Г‑жа Гончарова не воспроизводит в своем искусстве силу и декоративно-каллиграфические качества иконописи, но она стремится к истинному изображению древнего русского Бога, которого считает своим, и Его святых. Поэтому сладость, нежность, радость и чувственность так же далеки от ее искусства, как далеки они от русского понимания Божественного. Ее святые непреклонны, суровы и строги, тверды и ожесточенны. Возрождение русского национального искусства пробудило у некоторых художников интерес к современному народному искусству, искусству необразованного люда, рисующего для собственного удовольствия и таким образом раскрывающего свой простой, свежий и наивный дух. Эти художники приобщились к народному искусству и испытывают радость от его искренней прямоты. Их творчество приветствуется как противовес слишком изысканным и изнеженным вкусам влиятельной группы эстетствующих “гурманов” Петербурга. Во главе таких “примитивистов” стоит г‑н Ларионов.

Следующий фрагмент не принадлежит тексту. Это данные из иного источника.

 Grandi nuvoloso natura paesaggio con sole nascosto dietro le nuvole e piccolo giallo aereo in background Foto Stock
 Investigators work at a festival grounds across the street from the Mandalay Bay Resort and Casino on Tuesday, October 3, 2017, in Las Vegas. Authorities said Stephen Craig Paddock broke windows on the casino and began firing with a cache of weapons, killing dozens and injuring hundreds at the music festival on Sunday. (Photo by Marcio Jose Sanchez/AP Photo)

Этот отрывок позволяет понять творческую направленность самого Бориса, показывает, насколько глубоко повлияли на него иконы и формы культа, принятые в его стране, хотя он и не принадлежал Православной Церкви. Нас трогает то, как много для Бориса значила эта аморфная субстанция, русская душа. Ни один англичанин никогда бы не стал говорить в подобных выражениях о душе своего народа, даже о самой возможности народа иметь такую общую для всех сущность. Ближе всего к столь примитивному ощущению понятного, но бессознательного явления, называемого “душа”, стоит национализм, который, впрочем, есть нечто совсем иное.

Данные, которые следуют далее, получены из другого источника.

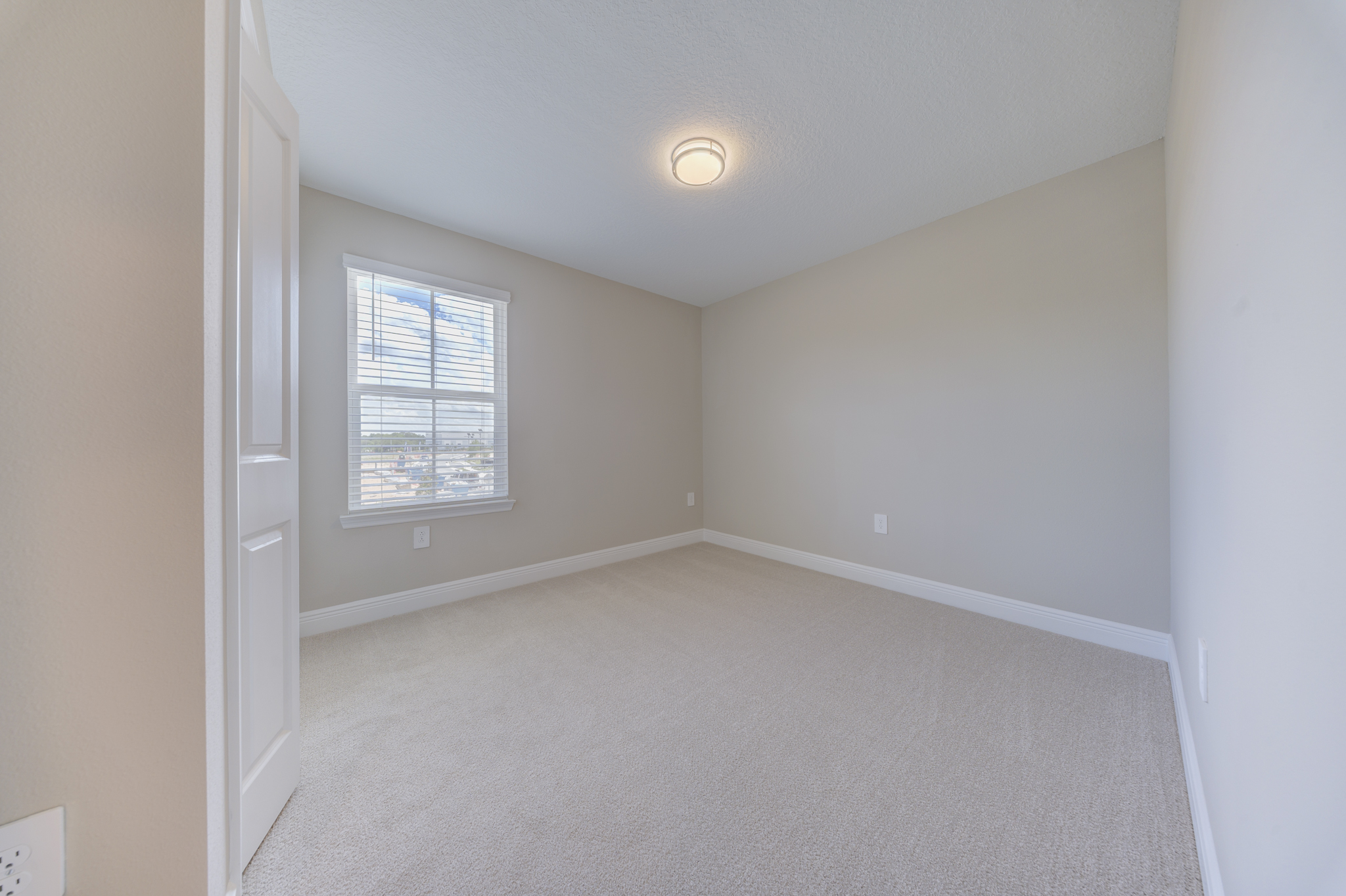Small empty carpeted bedroom with single window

На выставке были представлены следующие шесть работ Анрепа:
1. Аллегорическая композиция (из собрания леди Оттолайн Моррелл).

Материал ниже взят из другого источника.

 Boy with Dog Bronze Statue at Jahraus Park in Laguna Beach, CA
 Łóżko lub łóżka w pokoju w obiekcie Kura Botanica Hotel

2. L’Arbre Sacre (из собрания леди Оттолайн Моррелл).
3. Запустение.
4. L’Homme construisant un puits pour désaltérer de bétail.
5. Проект стенного украшения.
6. Физа, играющий на арфе.
Выставка, как всегда, вызвала ожесточенные споры. Франсес Сполдинг пишет в биографии Роджера Фрая, что сильнее осуждения работы Уиндема Льюиса были только презрение и непонимание, предназначенные для кубизма Пикассо: “Однако шок, ужас и смятение, вызванные этой выставкой, не помешали ее финансовому успеху”.
Финансовый успех, правда, не коснулся Бориса. Мне не удалось разыскать ни одной из выставленных им картин, хотя должна существовать акварель, перешедшая по наследству внуку Оттолайн Моррелл.